Les PME de plus en plus souvent prises pour cible : « Les cybercriminels pensent de manière stratégique »

Mathias Caluwaerts, IT Solution Architect chez Orange Cyberdefense, avertit que les PME deviennent elles aussi des cibles de plus en plus attrayantes pour les cybercriminels, et que des mesures de base sont cruciales pour renforcer leur résilience.

« L’époque où les cybercriminels se concentraient principalement sur les grosses prises est révolue. Selon notre Security Navigator, deux attaques sur trois visent aujourd’hui des petites structures.
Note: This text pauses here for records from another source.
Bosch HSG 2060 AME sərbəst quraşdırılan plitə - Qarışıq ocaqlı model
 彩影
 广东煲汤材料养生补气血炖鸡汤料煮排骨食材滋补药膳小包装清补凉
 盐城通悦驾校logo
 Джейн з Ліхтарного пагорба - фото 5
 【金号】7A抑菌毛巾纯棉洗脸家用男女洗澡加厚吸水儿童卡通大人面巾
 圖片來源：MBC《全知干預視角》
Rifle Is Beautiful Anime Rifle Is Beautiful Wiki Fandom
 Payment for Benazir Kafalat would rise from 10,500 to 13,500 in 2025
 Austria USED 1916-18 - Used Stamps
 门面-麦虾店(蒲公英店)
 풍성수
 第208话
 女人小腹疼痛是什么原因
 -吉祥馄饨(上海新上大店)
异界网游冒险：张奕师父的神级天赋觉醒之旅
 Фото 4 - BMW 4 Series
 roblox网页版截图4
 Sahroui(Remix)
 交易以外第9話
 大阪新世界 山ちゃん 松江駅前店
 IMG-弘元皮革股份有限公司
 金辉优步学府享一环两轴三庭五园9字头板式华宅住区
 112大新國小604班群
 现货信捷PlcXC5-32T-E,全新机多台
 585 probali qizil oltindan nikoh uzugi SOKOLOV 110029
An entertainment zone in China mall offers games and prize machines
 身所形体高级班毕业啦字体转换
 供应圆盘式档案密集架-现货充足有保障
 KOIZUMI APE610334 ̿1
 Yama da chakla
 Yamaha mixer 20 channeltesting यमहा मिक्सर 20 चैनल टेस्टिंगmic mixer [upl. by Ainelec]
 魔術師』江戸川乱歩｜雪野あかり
Comme aux débuts de la cybercriminalité, les PME sont redevenues des cibles lucratives. D’une part, elles apparaissent comme des proies relativement faciles, leur cybersécurité étant souvent moins développée. D’autre part, l’intelligence artificielle réduit les efforts nécessaires aux pirates pour viser simultanément plusieurs victimes. »

Caluwaerts ajoute : « Il existe encore une autre raison pour laquelle les cybercriminels s’infiltrent dans les réseaux d’une PME. Ils s’y dissimulent parfois pendant des années, pour ensuite, lors d’une acquisition, pénétrer automatiquement au cœur d’une organisation beaucoup plus grande, tel un cheval de Troie. Les PME constituent ainsi un risque non seulement pour leur propre environnement, mais aussi pour de potentiels acquéreurs. Il est donc essentiel d’investir dans des mesures de base telles que les sauvegardes, la sécurité des endpoints et la formation. »

Les cybermenaces évoluent plus rapidement que jamais, mais grâce à la coopération, à l’innovation technologique et à une prise de conscience accrue, les entreprises et les gouvernements peuvent faire la différence dans un monde numérique toujours plus vulnérable.